问题描述
我正在尝试使用以下代码提取句子中的标签,但它返回关键字。我错过了什么?如何输出由逗号分隔的所有标签(而不是关键字)的新列?
s = set(dict_list)
f = lambda x: ','.join(set([y for y in x.split() if y in s]))
# df['tags'] = df['description_summary'].apply(f)
df['tags'] = df['description_summary'].apply(lambda x: ','.join(set(x.split()).intersection(s)))
df
这里基本上是我在 excel 文件中处理的数据:
description_summary
0 Long sentence with keywords ball and hot
1 Long sentence with keywords stick,glove,and cold
description_summary keywords instead of tags
0 Long sentence with keywords ball and hot ball,hot
1 Long sentence with keywords cold,stick,and glove cold,glove
这是我想要的输出:
description_summary tags
0 Long sentence with keywords ball and hot toy,temperature
1 Long sentence with keywords cold,and glove temperature,toy
这里是关键字和标签的字典('keywords': 'tags'):
dict_list = {'Hot': 'Temperature','Cold': 'Temperature','Very cold': 'Temperature','Ball': 'Toy','glove': 'Toy','Stick': 'Toy'
}
解决方法
您可以使用普通的字典索引来返回关联的值,而不是键本身。
请注意,我已从您的问题中编辑了字典列表,以便更轻松地验证它是否有效,并且您还需要考虑区分大小写。
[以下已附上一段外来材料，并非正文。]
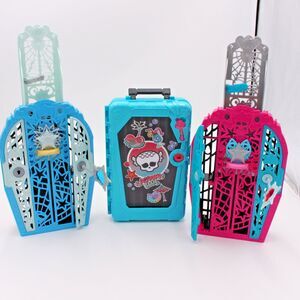 Monster High Locker Case Lot 3 Coffin Storage Cases Lagoona Blue Empty Mattel #1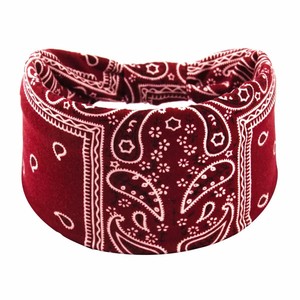 Diadema elástica de algodón anudada estilo bohemio al por mayor, turbante deportivo antideslizante con estampado Paisley europeo-americano, accesorios para el cabello para mujer. - Product Image 5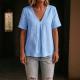 Womens Solid-Color Pleated Cotton-Linen Short-Sleeve Shirt T-Shirt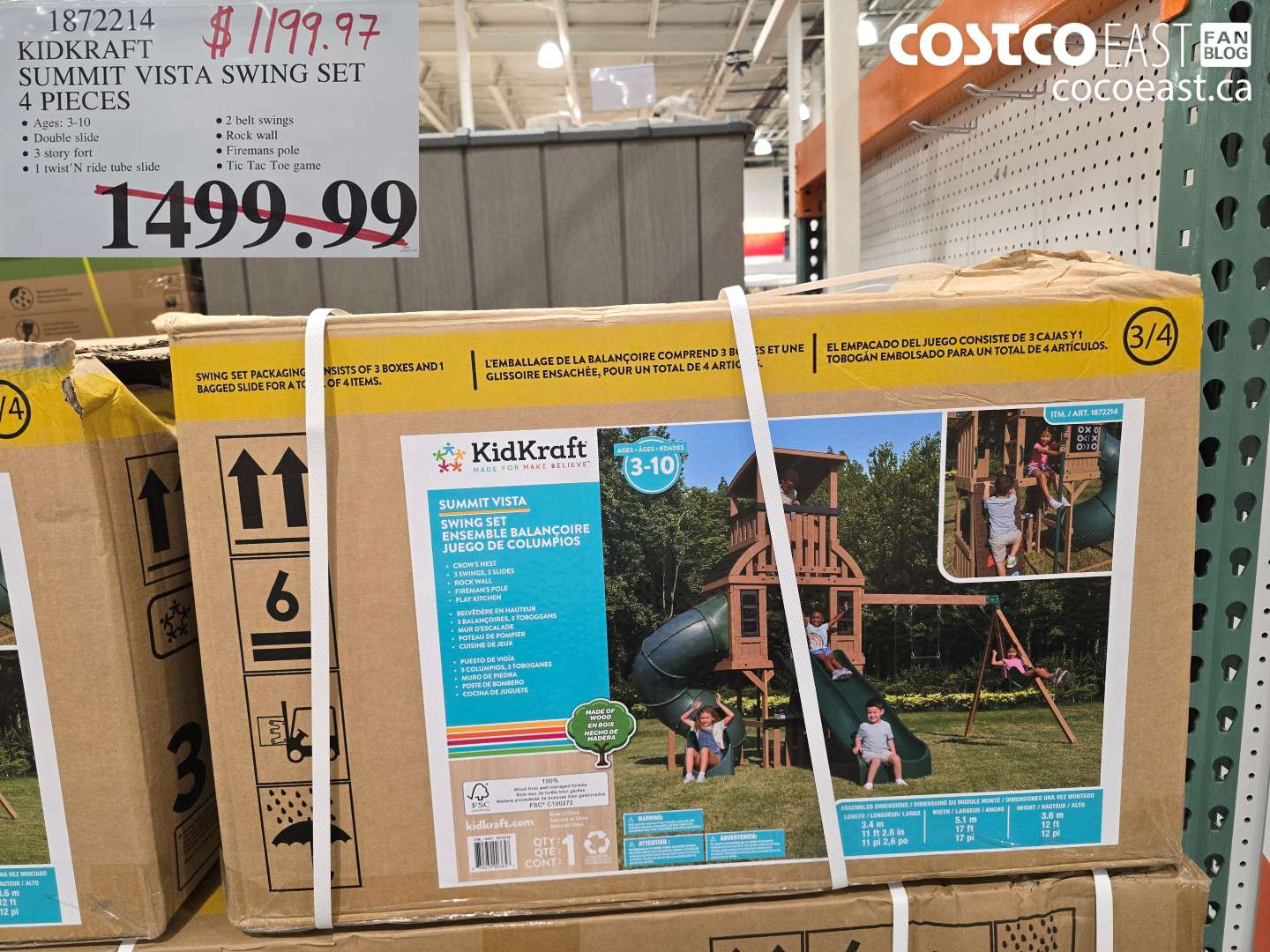 1872214 KIDKRAFT SUMMIT VISTA SWING SET 4 PIECES $1199.97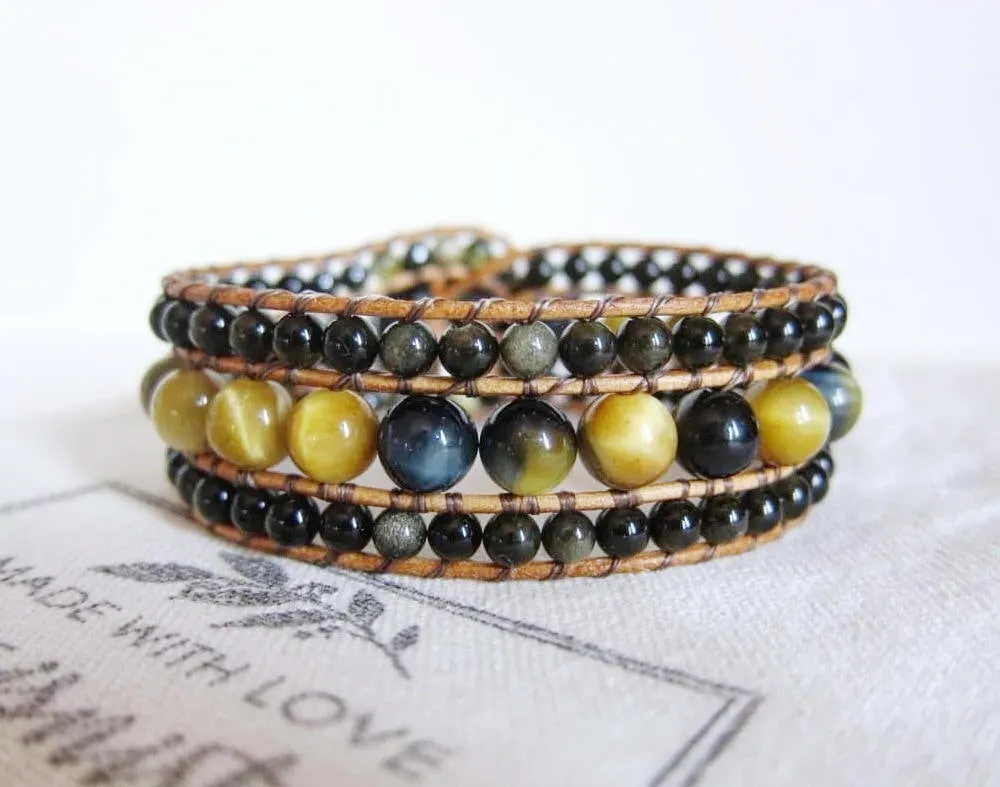 Southwestern Honey Mustard Tiger Eye, Silver Sheen Obsidian Beaded Bracelet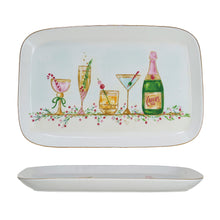 Load image into Gallery viewer, Stoneware Platter w/ Holiday Cocktails &amp; Gold Electroplating, Multi Color
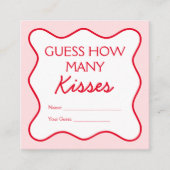 Rood roze Vrijgezellenfeest spel Raad eens hoeveel Informatiekaartje (Voorkant)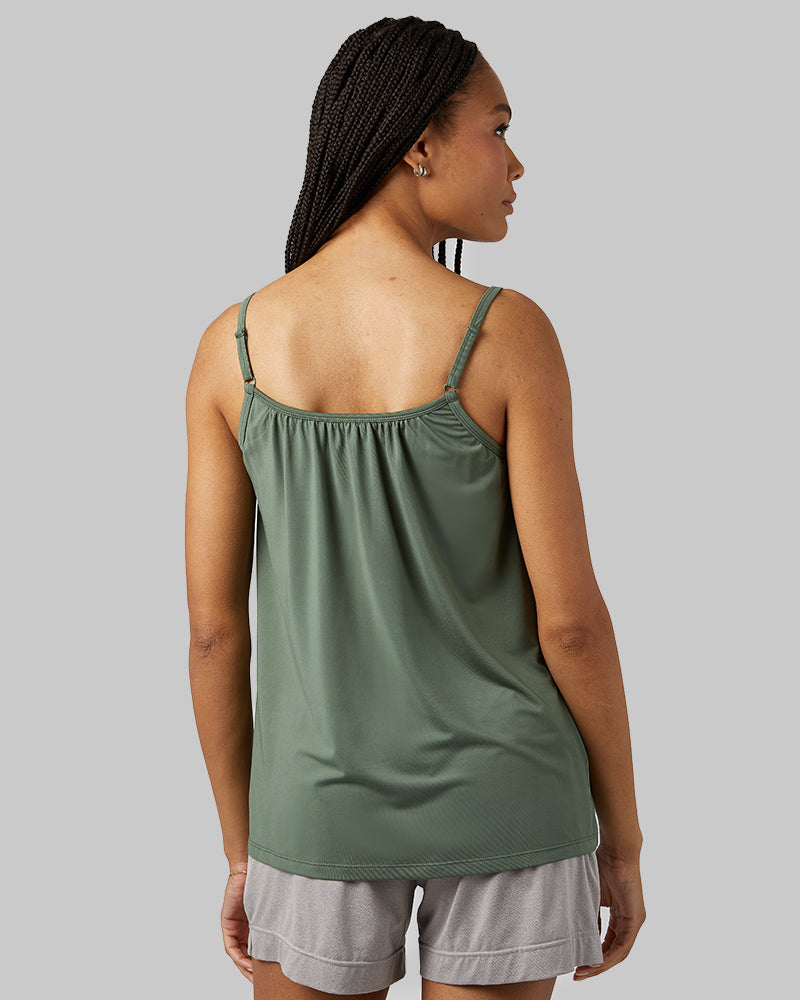 32 Degrees Duck Green _ Women's Cool Flowy Bra Cami {model: Dido is 5'9"and size 4 wearing size S}{bottom}{right} {bottom}{right}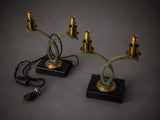 Vintage Sculptural Table Lamp Pair, Sage Green Loop Arms, Marble Base — Art Deco Style, 1950s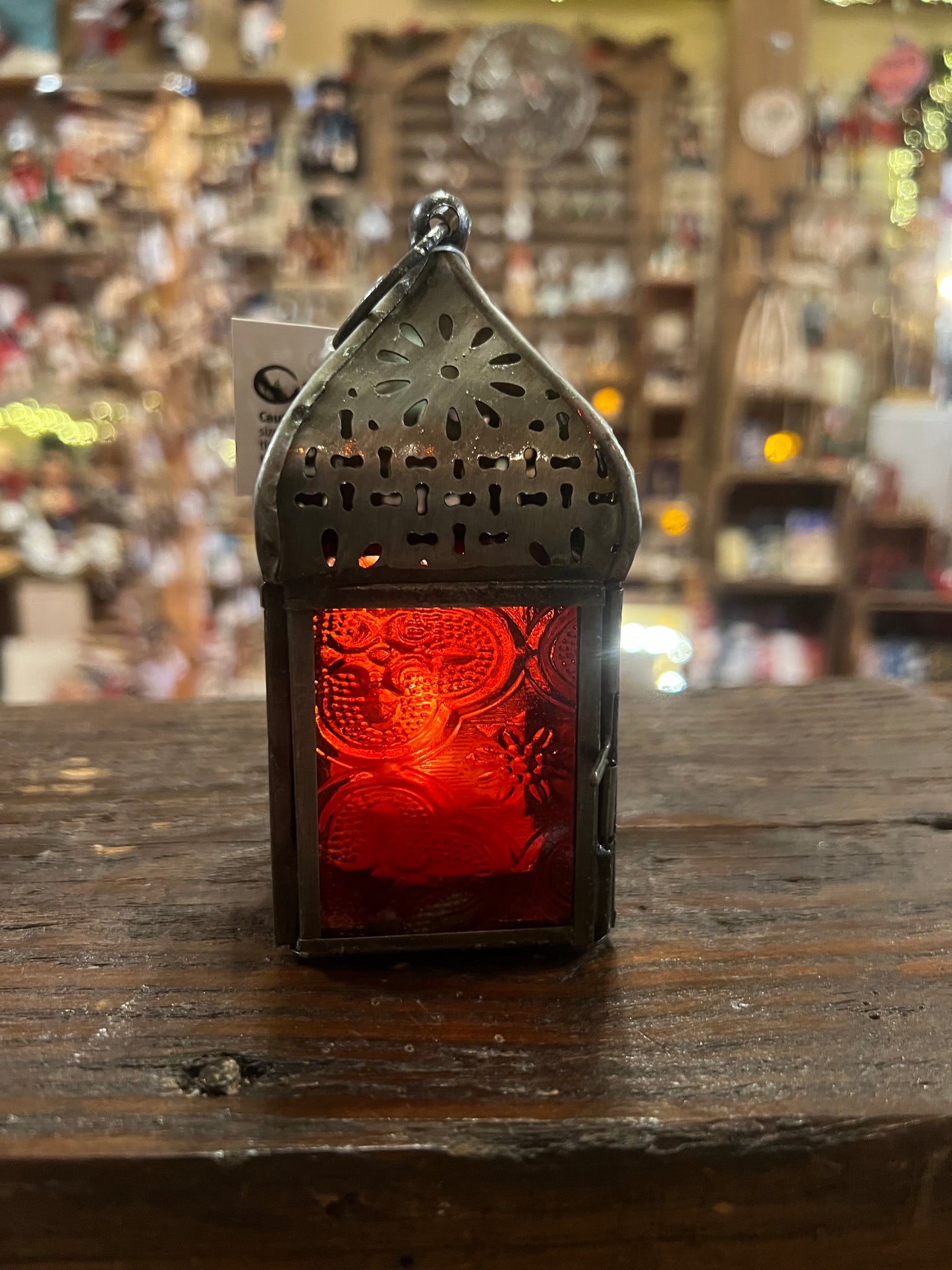 Red Tea Light Lantern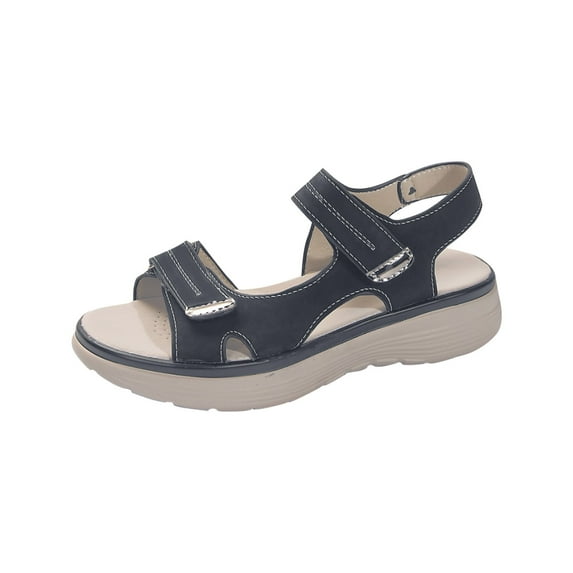 Xfvqtps Womens Sandals Hook and Loop Open Toe Thick Soft Sole Non Slip Comfortable Breathable Summer Wedge Sandals Blue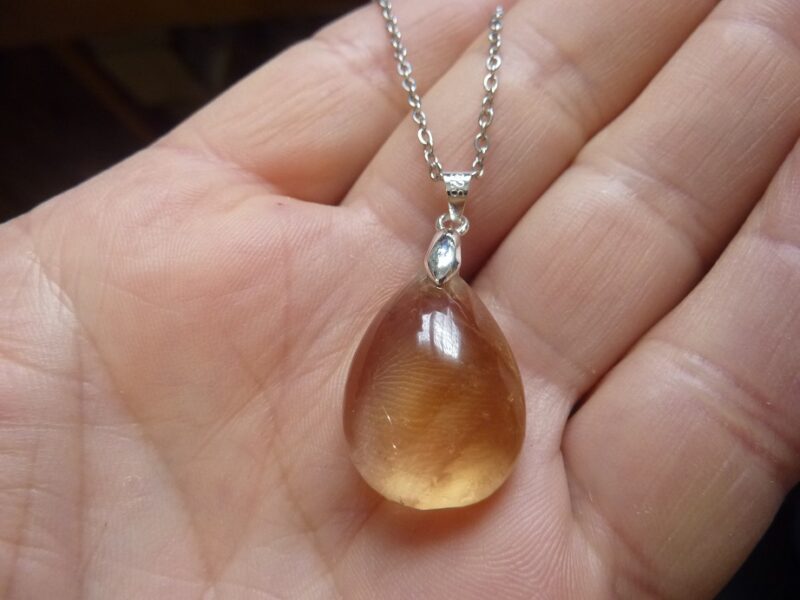 Pendentif citrine argent 925 ref 1025 + chaine acier inoxydable 60 cm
df = pd.DataFrame({'description_summary':['Long sentence with keywords ball and hot','Long sentence with keywords cold,stick,and glove']})
dict_list = {'Hot': 'Temperature (hot)','Cold': 'Temperature (cold)','Very cold': 'Temperature (very cold)','Ball': 'Toy (ball)','Glove': 'Toy (glove)','Stick': 'Toy (stick)'}
d_lower = {key.lower():value.lower() for key,value in dict_list.items()}
df['tags'] = df['description_summary'].apply(lambda x: ','.join(
set([d_lower[y] for y in d_lower.keys() if y in x])
))
产量 'tags'
0 temperature (hot),toy (ball)
1 temperature (cold),toy (glove),toy (stick)
Name: tags,dtype: object